Now, normally I love pity, it is a much underappreciated human interaction. When people say “I don’t want your pity” I think great - more for me. Every party should be a pity party. So why was this making me feel like I might vomit at any moment?

He suddenly looked into the middle distance, like a medium getting a message from beyond the grave. “Somebody is making money off the back of tricking you into doing stand up, you are being exploited and I feel a duty of care to find out who and put you out of your misery.”

I had thought naively, maybe the worst feedback I’d get is, you need stronger punchlines. I didn’t think my night would end with the manager of the club worrying I was a victim of human trafficking. His only way of explaining my set was that some pimp had realised life on the streets wouldn’t be profitable for a gal with a resting face as tragic as mine. What could he do with me? How could he make his money back? He’d already paid my ferry fare from Dublin. I know, he thought, I’ll push her into a life of open mike gigs, new material nights and occasional paid tens. I was another tragic victim of the white female comedian slave trade. What other explanation could there be? 

“Or...” I paused, “maybe I’m just not that good at club gigs?”

He reacted like I’d slapped him in the face.

“What? This isn’t a club gig. This is the home of alternative comedy. We created comedy in the 80s, we are not a mainstream club.”

Reader, with the best will in the world, this was nine years ago at a gig in Central London. The line-up that weekend was basically a convention for straight white middle-aged men who hate their wives. 

But his reaction was enough to slap me awake. It was like when the girl in Labyrinth realised the Goblin King had no hold over her. 

He thinks this is an alternative comedy night. He’s clearly mad. I don’t need to listen to anything else he says.

I was free! I was positively flirting with him now. Nothing he said meant anything. The crueller he got, to his obvious frustration, the more I happily agreed with him.
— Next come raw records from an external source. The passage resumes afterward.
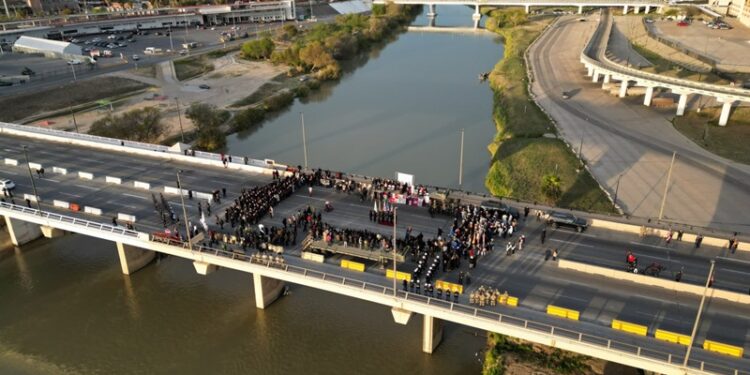 Todos se encuentra listo para la Ceremonia del Abrazo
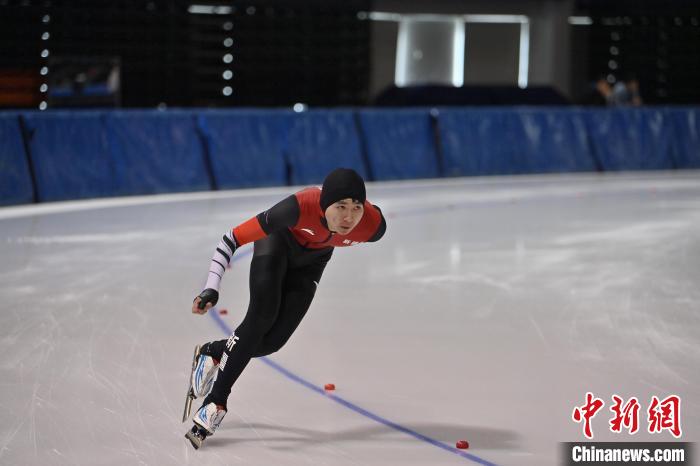 新疆青少年首次亮相吉林速度滑冰赛场 共促冰雪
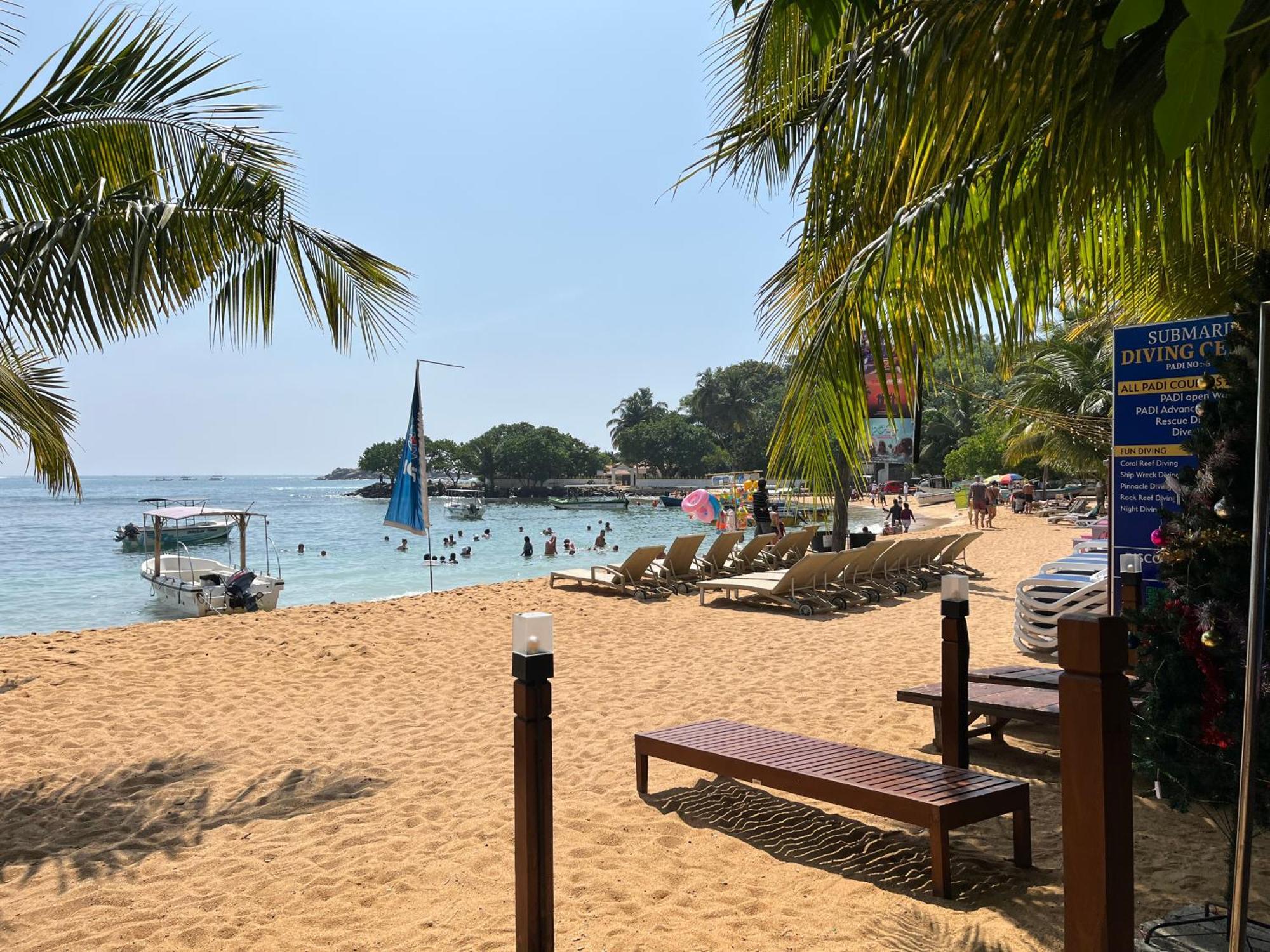 Submarine Rest - Beach Property Hotel Unawatuna Exterior photo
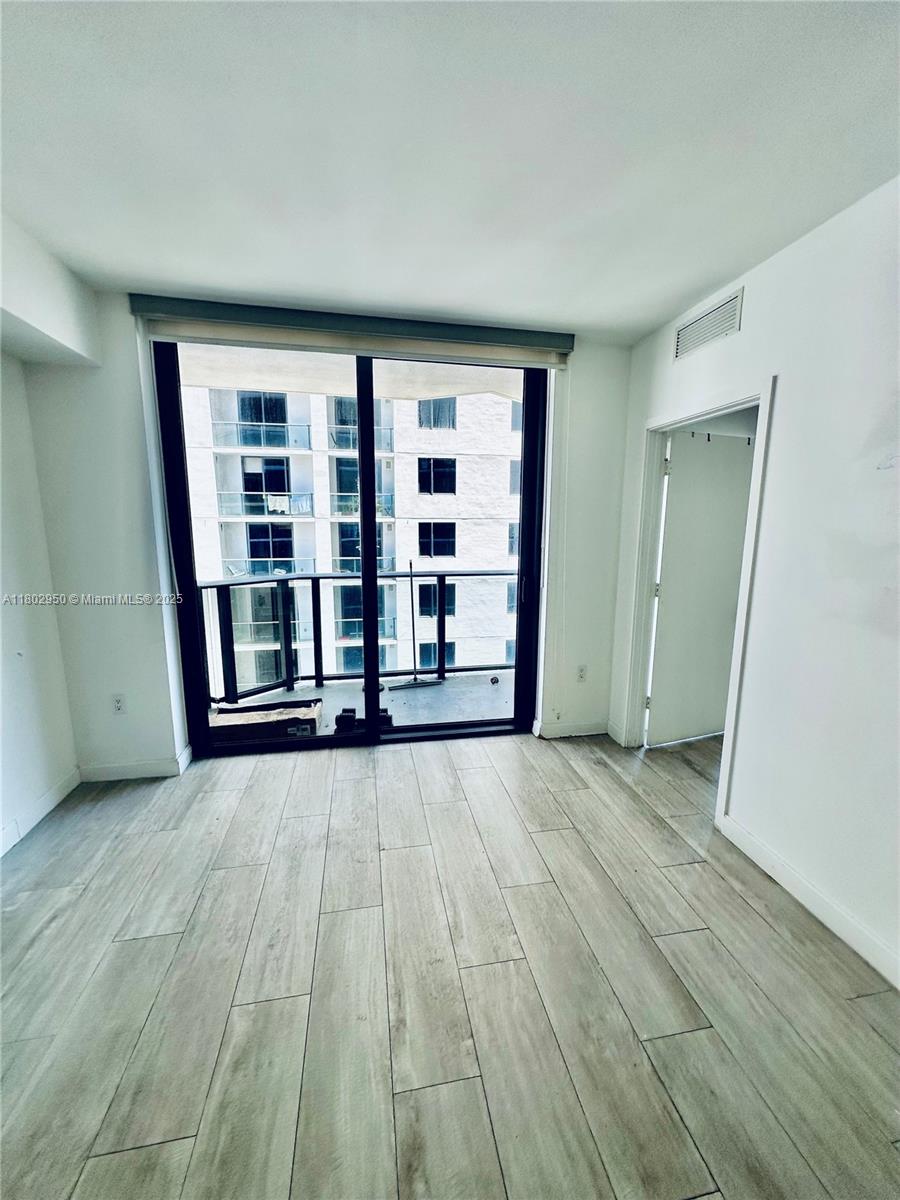 55 SW 9th St #3409, Miami FL 33130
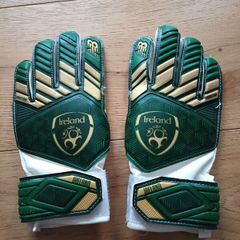 football gloves. Size5. Age8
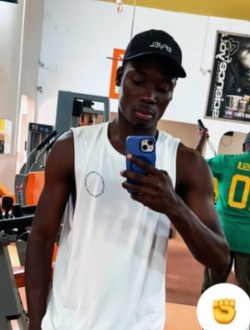 Profil de Valentin, un homme célibataire de 23 ans à Lomé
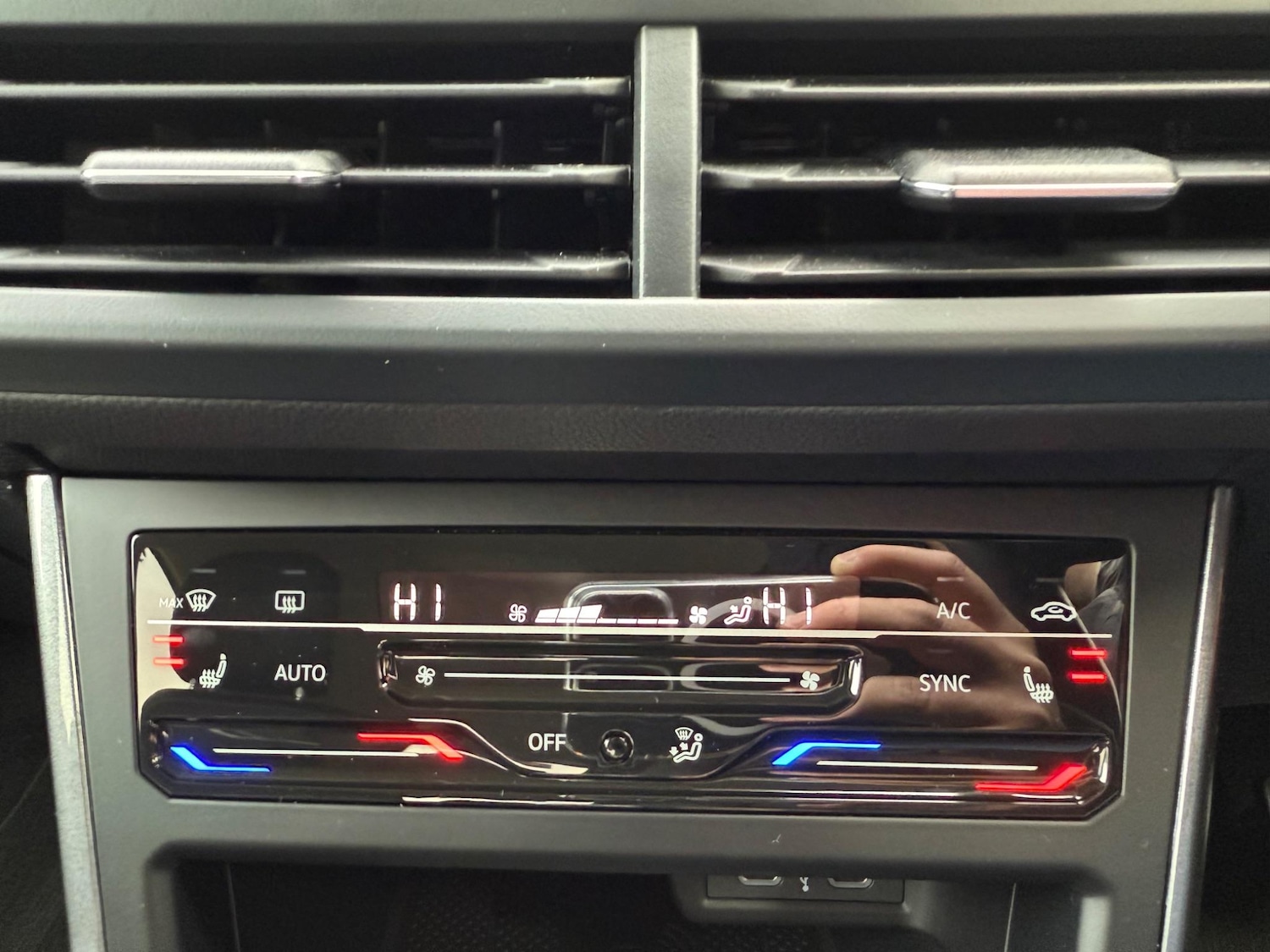 Used Volkswagen Taigo 2024 for sale - 77193154: Photo 28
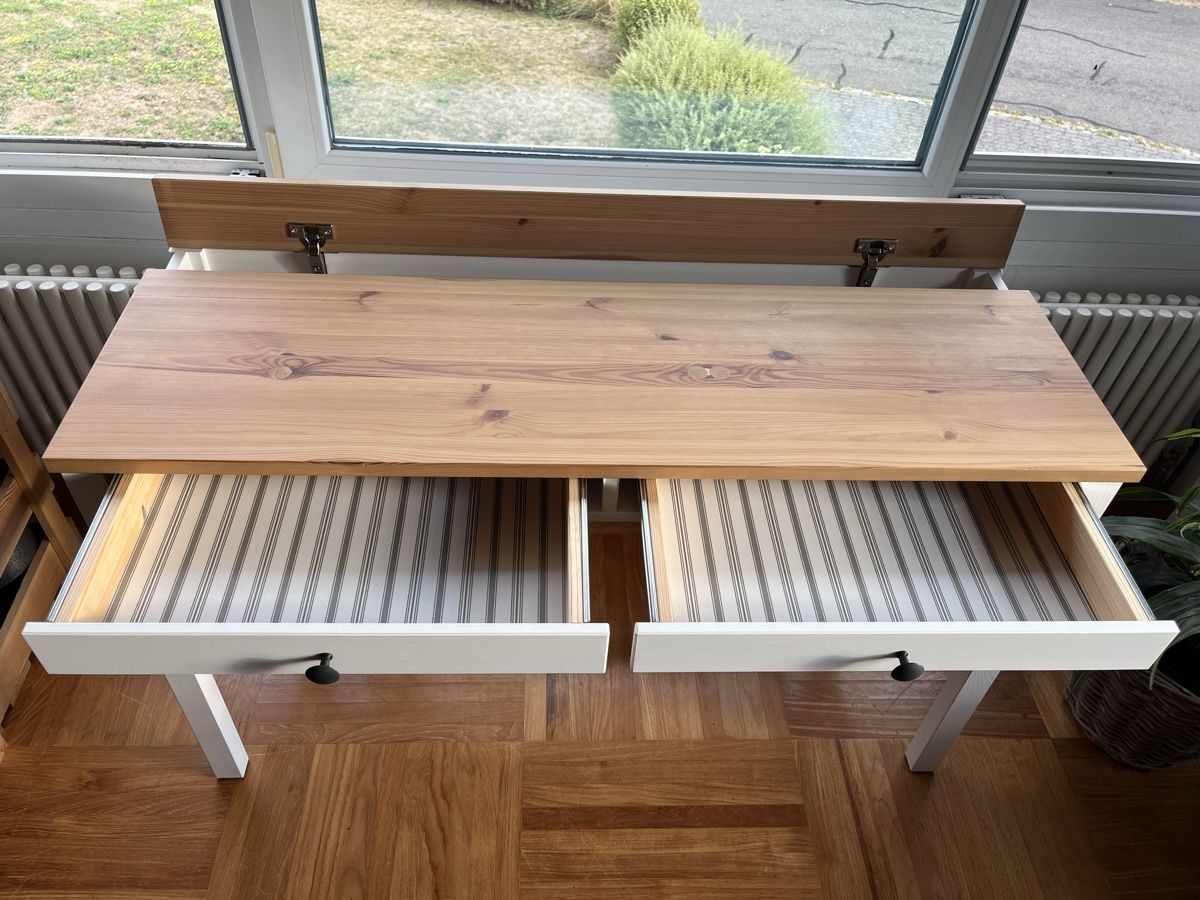 Ikea Scrivanie: IKEA Hemnes Schreibtisch – Usato da Elgg venduto da Tamlyn 2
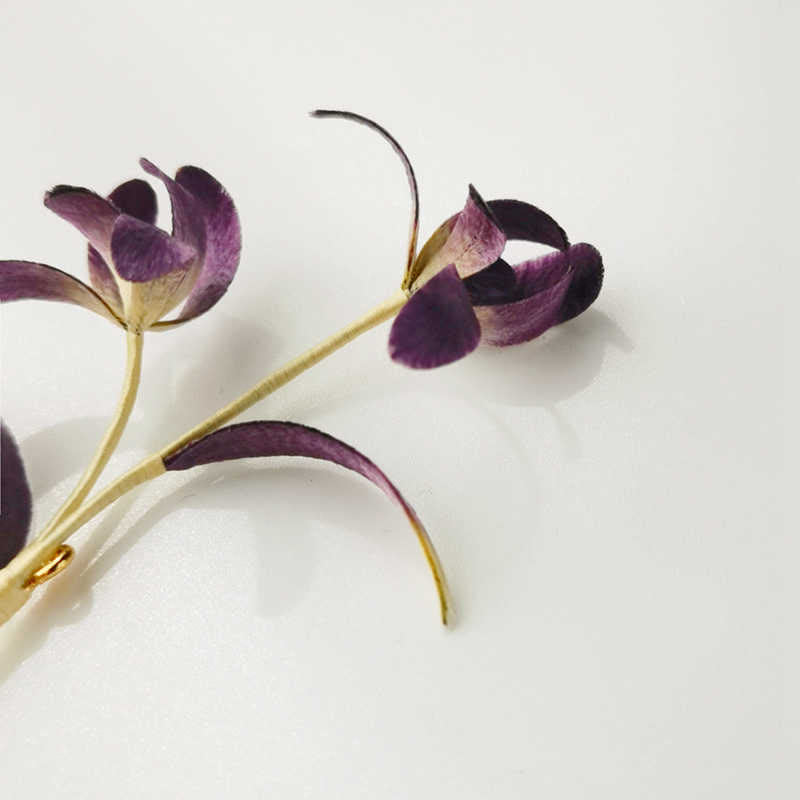 Broche en soie de mûrier faite à la main en forme de fleur d'orchidée pour une élégance spirituelle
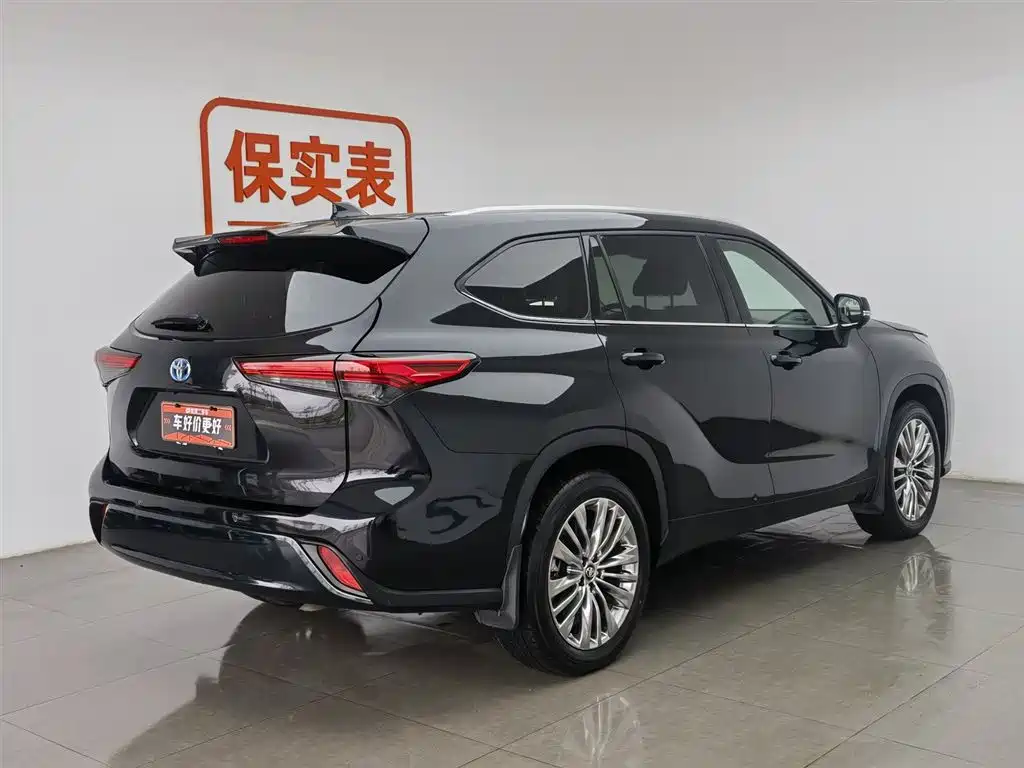 Toyota Highlander 2023 2.5L Smart Hybrid Dual Engine AWD Premium 7-Seater фото 2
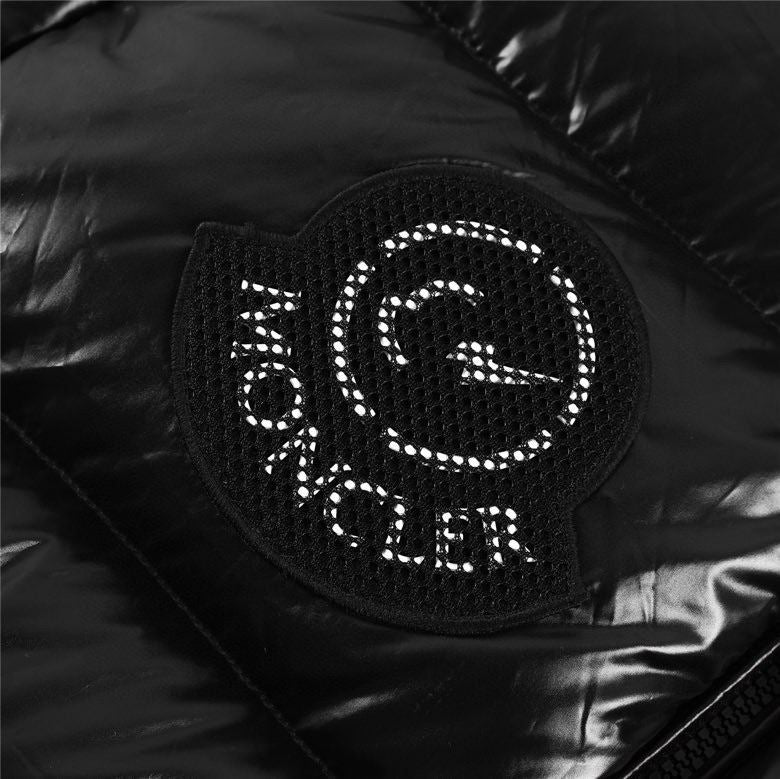 Les doudounes Moncler homme allient élégance et performance pour offrir une protection optimale contre le froid.
Leur design sophistiqué et leurs matériaux de haute qualité en font un choix incontournable pour les amateurs de mode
It was like listening to a toddler describe a dinosaur he met in the park. “Yes!” I nodded beaming, ‘maybe I should just learn typing!”. The other comics shuffled back into the room expecting to find a corpse, while instead we were kissing each other on the cheek goodbye, laughing like old friends. I had the exhilaration of a near death experience. He had tried to kill me, and it hadn’t worked. He thought he was firing bullets, but I realised in the nick of time, it was just a lot of noise.